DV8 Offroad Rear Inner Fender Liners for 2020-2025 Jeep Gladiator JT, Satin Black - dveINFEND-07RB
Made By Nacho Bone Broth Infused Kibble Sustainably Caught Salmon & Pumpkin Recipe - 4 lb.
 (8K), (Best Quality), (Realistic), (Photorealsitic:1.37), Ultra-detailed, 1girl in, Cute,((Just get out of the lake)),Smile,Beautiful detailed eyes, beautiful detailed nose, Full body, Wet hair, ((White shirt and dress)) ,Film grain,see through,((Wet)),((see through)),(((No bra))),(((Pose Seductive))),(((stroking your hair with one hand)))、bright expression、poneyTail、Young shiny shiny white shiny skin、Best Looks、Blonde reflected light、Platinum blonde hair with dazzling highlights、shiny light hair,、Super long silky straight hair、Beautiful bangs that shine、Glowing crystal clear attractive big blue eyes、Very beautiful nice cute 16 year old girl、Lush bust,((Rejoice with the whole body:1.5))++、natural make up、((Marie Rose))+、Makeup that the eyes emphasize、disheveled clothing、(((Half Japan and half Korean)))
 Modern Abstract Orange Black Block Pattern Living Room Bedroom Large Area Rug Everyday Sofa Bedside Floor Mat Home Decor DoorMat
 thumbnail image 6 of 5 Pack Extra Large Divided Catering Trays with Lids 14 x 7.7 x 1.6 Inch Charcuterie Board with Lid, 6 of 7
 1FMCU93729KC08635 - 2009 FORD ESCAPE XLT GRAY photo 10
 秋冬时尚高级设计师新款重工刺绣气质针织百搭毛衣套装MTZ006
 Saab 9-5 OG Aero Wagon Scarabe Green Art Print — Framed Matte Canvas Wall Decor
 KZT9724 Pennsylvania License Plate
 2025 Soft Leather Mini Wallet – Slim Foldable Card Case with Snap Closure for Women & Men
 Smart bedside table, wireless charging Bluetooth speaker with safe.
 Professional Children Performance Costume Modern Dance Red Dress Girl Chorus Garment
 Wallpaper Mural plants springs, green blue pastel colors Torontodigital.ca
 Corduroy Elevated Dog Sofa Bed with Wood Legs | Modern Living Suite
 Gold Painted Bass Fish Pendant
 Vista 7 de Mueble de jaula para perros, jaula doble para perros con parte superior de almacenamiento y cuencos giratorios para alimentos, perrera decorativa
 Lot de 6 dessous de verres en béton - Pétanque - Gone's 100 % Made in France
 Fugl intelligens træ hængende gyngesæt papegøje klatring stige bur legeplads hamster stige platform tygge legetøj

**Your task**.
Check each line above for the string "Large" and report how many lines have it, giving only the number.

**Expected answer**.
2